Exact repetition of a range: find the line containing "Косметолог нити губы" and the line containing "Ocho de cada" in the material below, then repeat both and all lines between them, leaving pictures out.

WORKING DATA |
------------------------------------------------------------

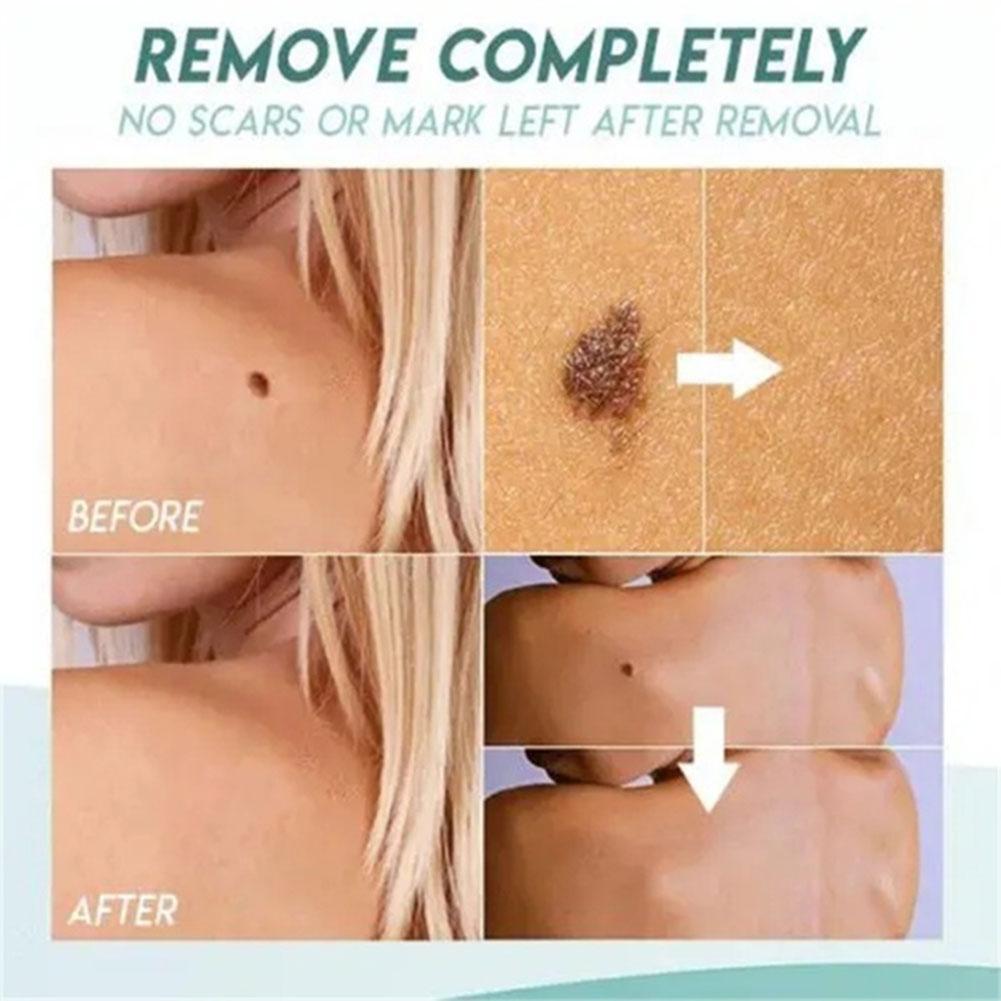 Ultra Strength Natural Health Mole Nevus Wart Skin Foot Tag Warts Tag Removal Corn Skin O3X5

------------------------------------------------------------

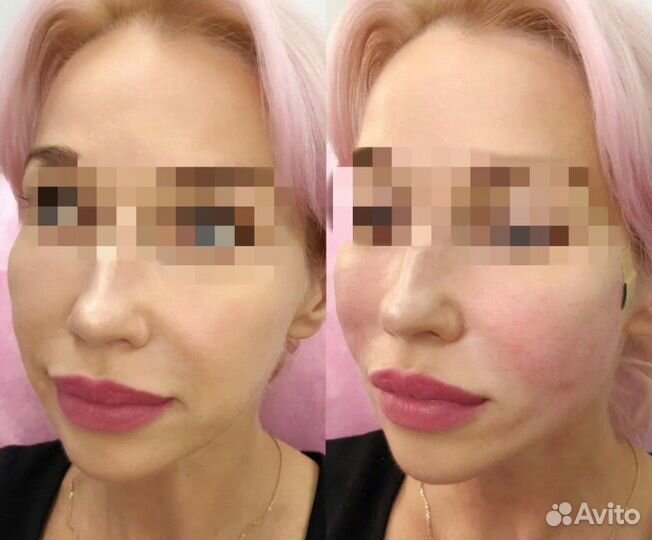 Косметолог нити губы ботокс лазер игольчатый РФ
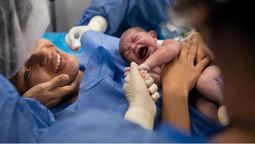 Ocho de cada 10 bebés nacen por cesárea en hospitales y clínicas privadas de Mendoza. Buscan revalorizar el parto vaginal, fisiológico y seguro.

------------------------------------------------------------

ANSWER TO THIS TASK |
 Косметолог нити губы ботокс лазер игольчатый РФ
 Ocho de cada 10 bebés nacen por cesárea en hospitales y clínicas privadas de Mendoza. Buscan revalorizar el parto vaginal, fisiológico y seguro.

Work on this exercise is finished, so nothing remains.